# EVO 9 Quick Cleanup



## magnuz (Feb 7, 2010)

This is my first ever thread on this page so be nice ! hehe

my friend owns a MMC EVO 9 and i decided to shine the engine bay a little bit up

the only 2 items that i used where , spray on tar remover , a prouduct wich is quite alot popular here in iceland due to the massive amounts of tar we get in the winter. and a brush

simply spray it on , scrub what you can with the brush and voila !!


----------



## Guest (Feb 17, 2010)

Looks good, what I would say with regards to using tar remover would be rinse well !! there is a lot of rubber and plastic in there .... the tar remover will eat through it in no time if left sitting !! :thumb:


----------



## ChrisJD (Apr 15, 2009)

A big improvement.

(it was pretty bad to begin with:doublesho)

Chris.


----------



## magnuz (Feb 7, 2010)

TSC-Performance said:


> Looks good, what I would say with regards to using tar remover would be rinse well !! there is a lot of rubber and plastic in there .... the tar remover will eat through it in no time if left sitting !! :thumb:


well actully i mix it with water 50/50 so the effect of the chemical isnt as strong as you might think , and its not even that storng when not waterd down


----------



## Guest (Feb 17, 2010)

magnuz said:


> well actully i mix it with water 50/50 so the effect of the chemical isnt as strong as you might think , and its not even that storng when not waterd down


We have a product called "Autosmart Tardis" over here and I definitley would not put that all over my engine bay !! under the right conditions it can strip paint !!


----------



## magnuz (Feb 7, 2010)

TSC-Performance said:


> We have a product called "Autosmart Tardis" over here and I definitley would not put that all over my engine bay !! under the right conditions it can strip paint !!

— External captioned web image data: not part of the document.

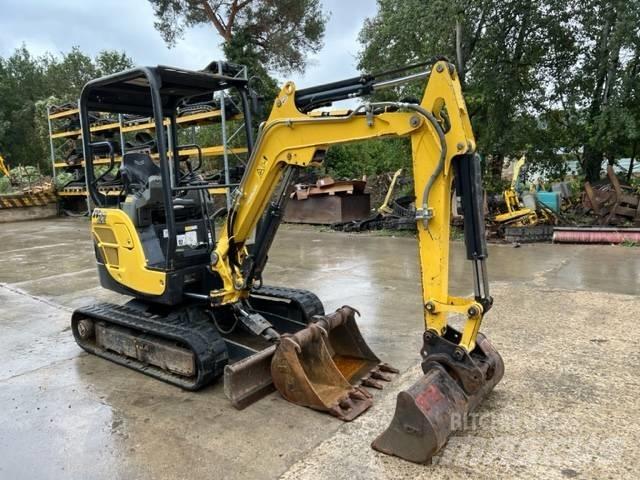Yanmar SV 22 Miniescavatori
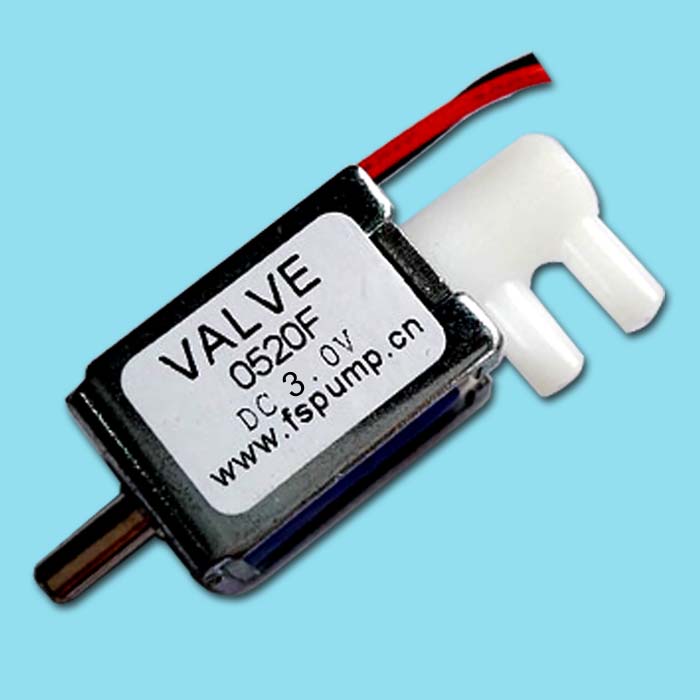 DC 3V 4.5V 6V 12V 24V Tiny Mini Solenoid Valve Two-position Three-way Air Valve Gas Escape valve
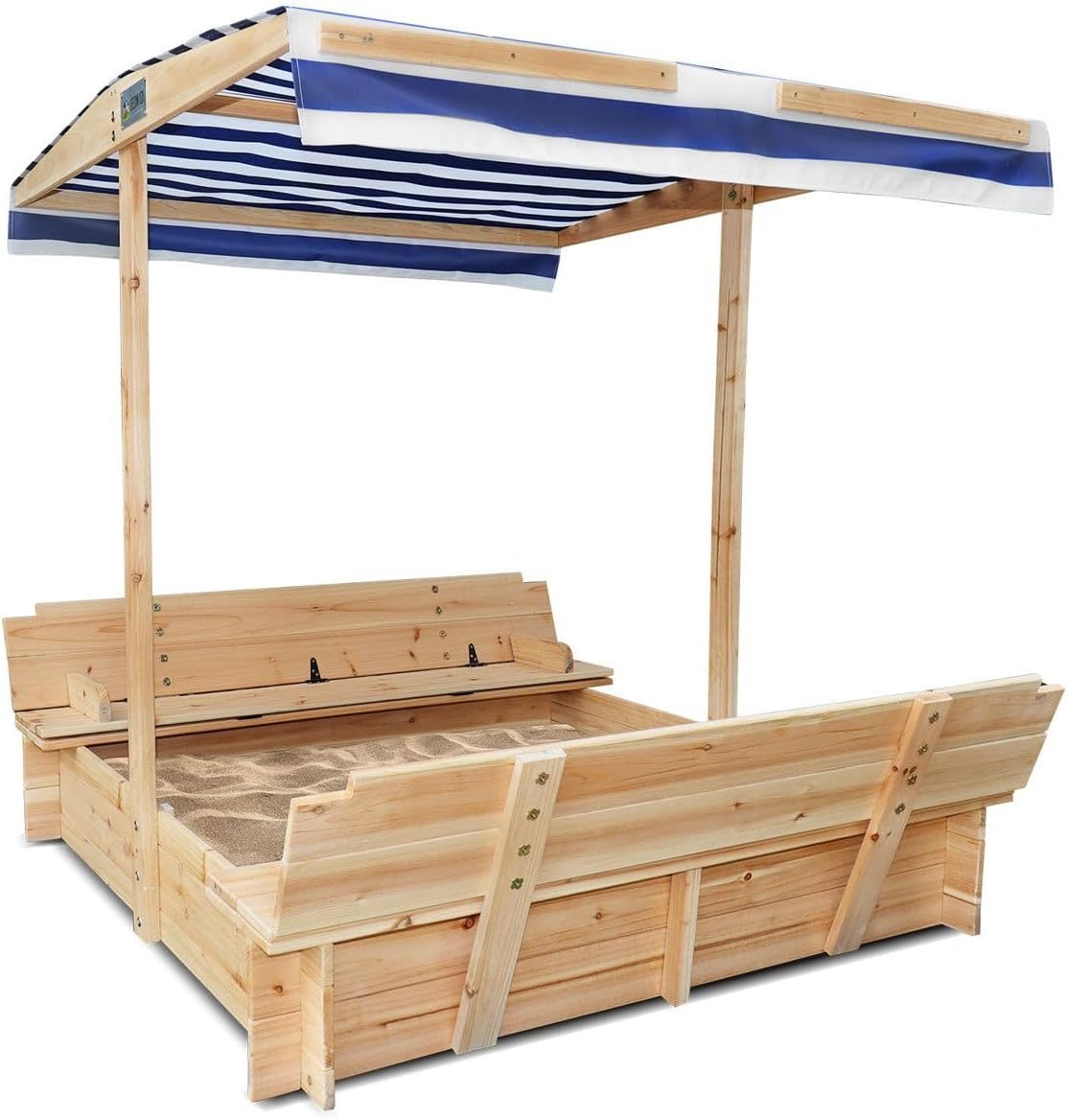Lifespan Kids Skipper Sandpit with Canopy image number 1
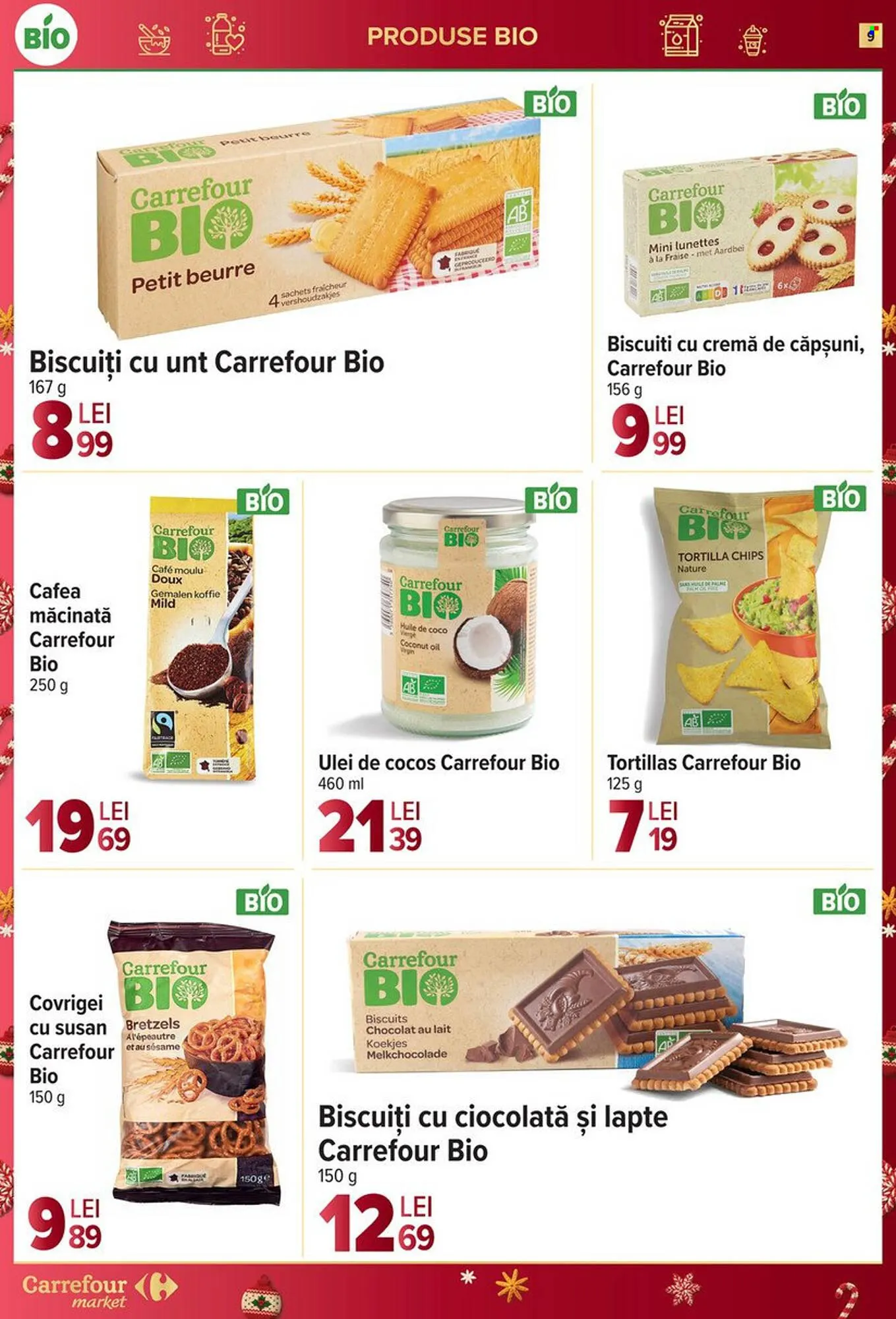 Catalog Catalog Carrefour Market de la 17 decembrie până la 26 decembrie 2025 - Revista Pagina 9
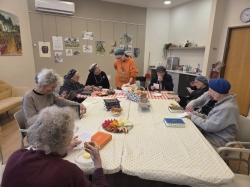 תמונות מפעילויות מועדון הוותיקים 'נחת רוח' במבצע 'שאגת הארי'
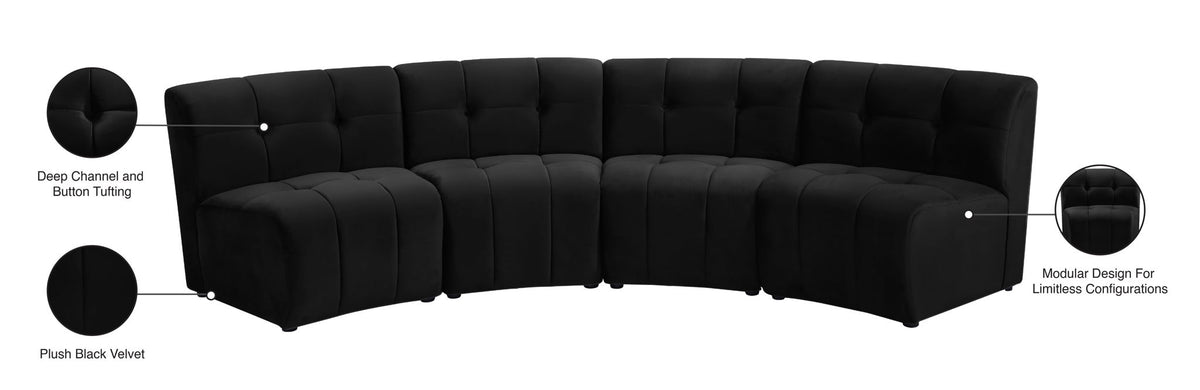 Limitless - 4 Pc. Modular Sectional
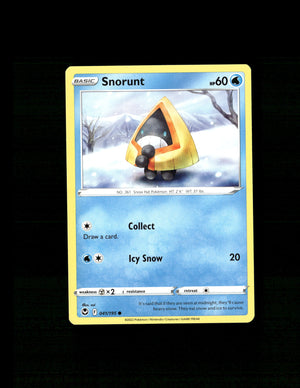 Snorunt - Silver Tempest #041 [Common]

hehe , well , this one is most defenetly 100% paint safe , used for i think many decates over here anyways 

best thing about this method , it takes less then 30 min to clean the engine bay !


----------



## GlynRS2 (Jan 21, 2006)

Looks much better now - great work :thumb:


----------



## TurbochargedJJ (Dec 10, 2009)

looks cleaner but i'd be tempted to shine up all the black plastic bits with tyre shine stuff or trim restorer stuff.


----------